How does that pertain to a deployment or church one may ask.  Read the scripture below from 1 Peter 1:6-7.

So be truly glad. There is wonderful joy ahead, even though you must endure many trials for a little while. These trials will show that your faith is genuine. It is being tested as fire tests and purifies gold—though your faith is far more precious than mere gold. So when your faith remains strong through many trials, it will bring you much praise and glory and honor on the day when Jesus Christ is revealed to the whole world. (1 Peter 1:6-7 )

There you have it.  This is my test.  This is where my faith will be strengthened and purified.  It is through this deployment that I have learned to completely rely on God.  Most nights I have no clue how I made it through the day or how I'm going to make it through the next.  As I lay in my bed I pray for strength, support, comfort and a whole load of other things.  

I pride myself on being hugely independent.  This deployment has shown me that I am completely reliant on God.  To the outside world I may look like I'm doing it nearly all alone, but I know I'm not.  I know I would have failed by week 3 without God pushing, pulling and dragging me through.  Words can not express my gratitude in God for this.  

It amazes me every day how God knows exactly what little boost I need to make it through.  On Sunday it was a sermon that I swear was written just for me.  That may seem a bit odd since I already mentioned the only thing in my old church that has changed is the pastor.  God used a man who I've never met to push me through when I was at one of my lowest points right after learning CJ will be gone for much longer than expected.  

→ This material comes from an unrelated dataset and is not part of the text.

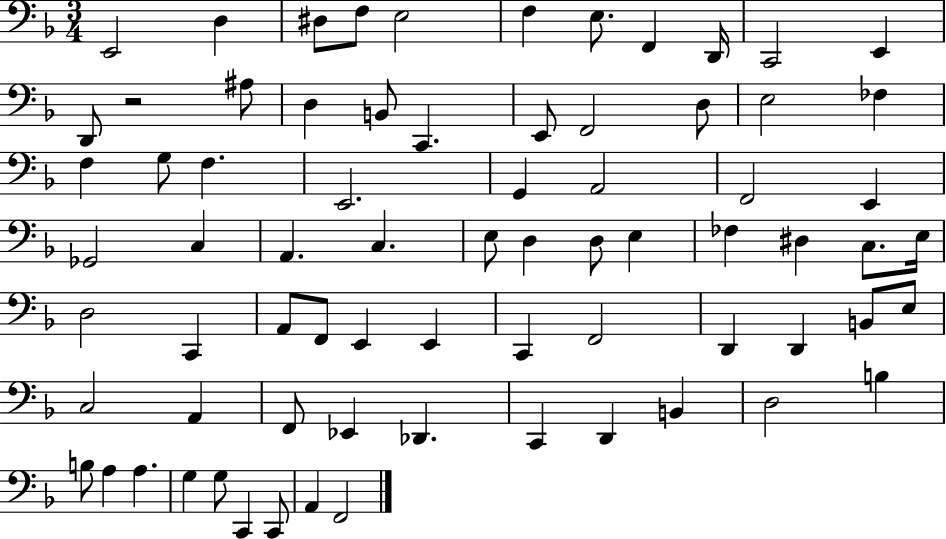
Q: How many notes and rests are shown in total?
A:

My trials aren't over, but the promise of joy ahead will keep me going.  The fire around me will not melt me.  It will only purify and strengthen my faith.

Saturday, July 5, 2014

Rolling with the Punches

I've gotten pretty good at rolling with the punches.  I've had a lot of ups and downs in life.  This deployment has shown me a handful more, but not much could prepare me for what I learned on Thursday.  It rocked me to the point of tears which does not typically happen.  I cried in front of coworkers for the first time ever.

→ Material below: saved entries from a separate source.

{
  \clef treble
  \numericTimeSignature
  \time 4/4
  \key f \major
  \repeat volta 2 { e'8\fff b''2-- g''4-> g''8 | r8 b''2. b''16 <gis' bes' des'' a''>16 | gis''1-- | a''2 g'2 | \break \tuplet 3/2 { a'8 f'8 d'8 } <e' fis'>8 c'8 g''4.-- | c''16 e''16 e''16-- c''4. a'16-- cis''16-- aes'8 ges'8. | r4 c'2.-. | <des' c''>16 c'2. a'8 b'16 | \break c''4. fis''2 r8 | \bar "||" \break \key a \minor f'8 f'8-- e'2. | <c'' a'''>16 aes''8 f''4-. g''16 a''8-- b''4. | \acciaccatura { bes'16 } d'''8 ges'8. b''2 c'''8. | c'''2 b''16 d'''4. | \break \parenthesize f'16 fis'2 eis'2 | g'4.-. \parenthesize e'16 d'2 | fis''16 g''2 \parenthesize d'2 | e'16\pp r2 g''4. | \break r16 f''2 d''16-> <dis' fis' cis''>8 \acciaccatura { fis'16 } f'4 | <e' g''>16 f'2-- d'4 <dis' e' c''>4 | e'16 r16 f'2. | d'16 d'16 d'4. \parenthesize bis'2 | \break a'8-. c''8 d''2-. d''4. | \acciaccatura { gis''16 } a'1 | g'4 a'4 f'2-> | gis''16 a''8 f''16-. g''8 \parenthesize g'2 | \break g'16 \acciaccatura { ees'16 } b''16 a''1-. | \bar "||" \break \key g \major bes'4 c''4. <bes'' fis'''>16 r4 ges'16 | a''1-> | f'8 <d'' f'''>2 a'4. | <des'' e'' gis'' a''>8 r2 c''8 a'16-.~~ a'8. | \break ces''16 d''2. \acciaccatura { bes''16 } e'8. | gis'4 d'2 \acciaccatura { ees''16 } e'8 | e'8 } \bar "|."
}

I had been at work for a mere 2 hours when CJ asked me if we could FaceTime.  I knew it was going to be bad since he wanted to tell me as close to face to face as possible.  I found a quiet room and quickly called.  The news that followed made me want to puke.  His unit is being reassigned.  Instead of coming home in August they will go to Kuwait.  There is no word on what exactly they will do from there, and more importantly no word on when they will be home.  They may be released when their original orders are up in October, but there is a highly probable chance their orders will be extended.  This could push their homecoming back to next summer. 

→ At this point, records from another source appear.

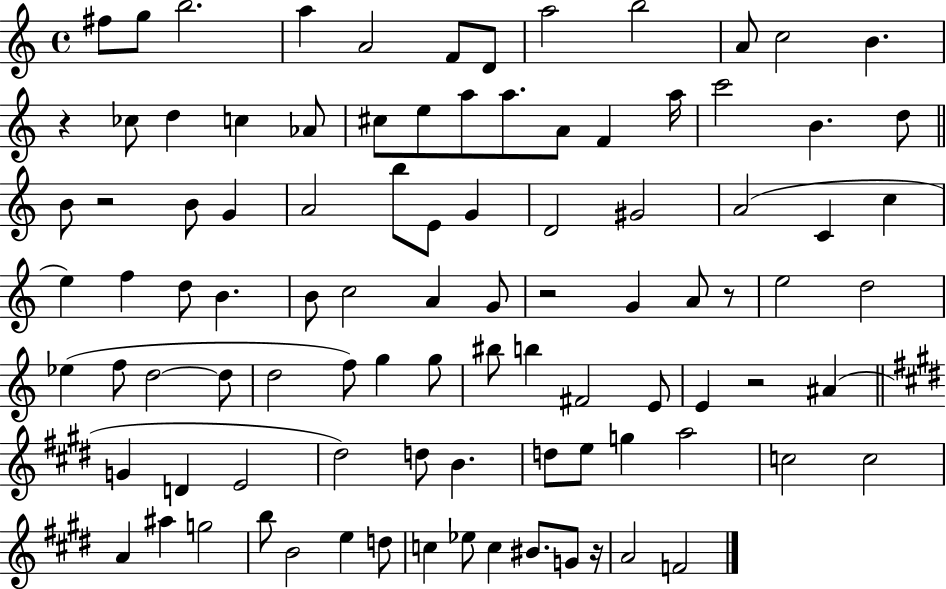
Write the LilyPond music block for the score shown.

{
  \clef treble
  \time 4/4
  \defaultTimeSignature
  \key c \major
  fis''8 g''8 b''2. | a''4 a'2 f'8 d'8 | a''2 b''2 | a'8 c''2 b'4. | \break r4 ces''8 d''4 c''4 aes'8 | cis''8 e''8 a''8 a''8. a'8 f'4 a''16 | c'''2 b'4. d''8 | \bar "||" \break \key c \major b'8 r2 b'8 g'4 | a'2 b''8 e'8 g'4 | d'2 gis'2 | a'2( c'4 c''4 | \break e''4) f''4 d''8 b'4. | b'8 c''2 a'4 g'8 | r2 g'4 a'8 r8 | e''2 d''2 | \break ees''4( f''8 d''2~~ d''8 | d''2 f''8) g''4 g''8 | bis''8 b''4 fis'2 e'8 | e'4 r2 ais'4( | \break \bar "||" \break \key e \major g'4 d'4 e'2 | dis''2) d''8 b'4. | d''8 e''8 g''4 a''2 | c''2 c''2 | \break a'4 ais''4 g''2 | b''8 b'2 e''4 d''8 | c''4 ees''8 c''4 bis'8. g'8 r16 | a'2 f'2 | \break \bar "|."
}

We all know it's possible for a unit with one foot out of country to end up staying, but I was beginning to get past my pessimism and believe he may actually be home by mid August.  

The saving grace for me is my kids.  When I told them my daughter asked if there was still more work to be done.  I told her yes, and she turned to my son and said Daddy needed to do more work but would be home when it was done.  I told her he might not be home for her birthday or Christmas, and she just said he is hurrying and it is ok.  How amazing from preschooler.  If my children can handle this so well I guess I can too.


Rolling with the punches doesn't mean we have to like them, and it doesn't mean we won't shed a tear or two.  It means we pick ourselves up, dust ourselves off and move forward.  I will not be knocked out by any punches this deployment brings me.  I will make it to the end whenever that may be.